A retired man in his 50s — who wants to remain anonymous — loaned the art and other memorabilia, like the microphone Lennon used to record “Imagine,” to the museum.
Paul Jillson, who has represented Lennon’s artwork since 1988, said Lennon didn’t sell his works through galleries and didn’t catalog them, so for someone to have collected so many originals is a coup. Ono has 1,700 of Lennon’s original drawings, he said.
The museum’s executive director, Kirsten Villegas, won’t release many details about the benefactor for security reasons. They refer to him as Mr. Kite, after the song “Being for the Benefit of Mr. Kite!” on the 1967 Beatles album “Sgt. Pepper’s Lonely Hearts Club Band.”
He wants the attention on the art and microphone, worth more than $600,000.
Villegas said the collector’s stash is purported to be the third-largest public collection of original Lennon drawings, with Ono holding the most.
Lennon, who was shot to death outside his New York apartment in 1980, drew all his life and went to Liverpool Art Institute for three years before the Beatles took off.
The dates of the drawings range from the early 1960s to 1978.
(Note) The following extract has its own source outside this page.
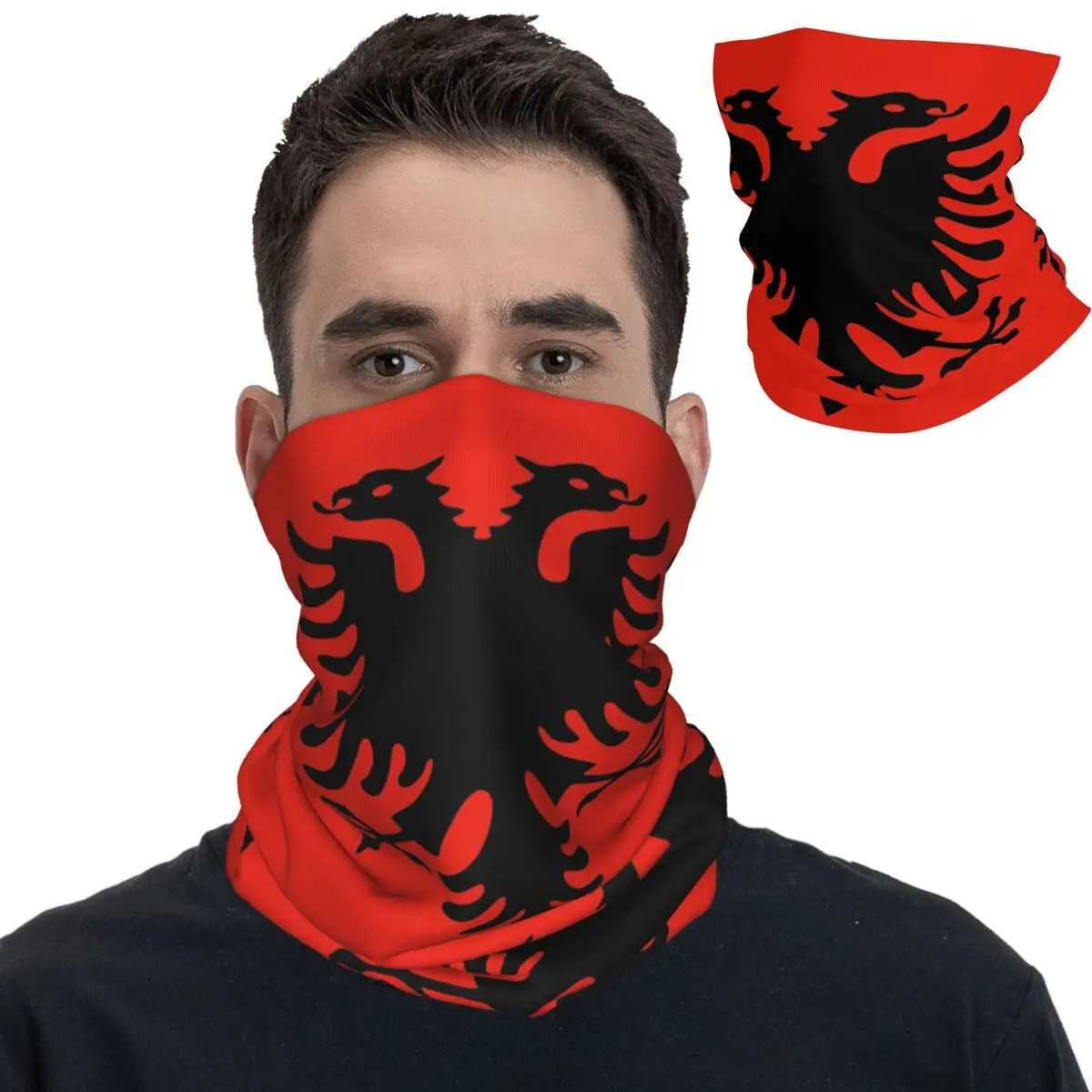 Albanian Flag Albania Eagle Bandana Neck Gaiter Printed Balaclavas Wrap Scarf Multifunctional Headband Unisex Adult Breathable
Lennon created many versions of one image — four in the Waukesha collection are similar to some in the famous “Bag One” portfolio. Those were a series of limited edition lithographs, signed by Lennon, inspired from the pair’s wedding ceremony, honeymoon and subsequent “Bed-In.”
The “Bag One” series was first exhibited in London, Detroit, Chicago and New York in January 1970. Three hundred bags created by designer Ted Lapidus — with a lithograph inside — were also created and sold.
Police confiscated some of the more risque lithographs in London, Detroit and Chicago. Many of the lithographs were destroyed by mishandling and Lennon was discouraged from showing his artwork in public for many years after.
The Waukesha museum will have some of his nude drawings in a separate area.
Jillson, who’s also the owner of the Pacific Edge Gallery in Laguna Beach, Calif., said he has more than 120 lithographs and serigraphs for sale through the gallery and on exhibition tour but only two original drawings on loan from Ono. The Waukesha area collector bought one serigraph from him, he said.
Prices can range from $15,000 to $1 million for an authenticated drawing and song lyrics, he said.
“His art really speaks to people on a direct emotional level because, although it’s simple in form, it has a lot of emotional meaning,” he said. “It reminds people of why John was significant and what he stood for.”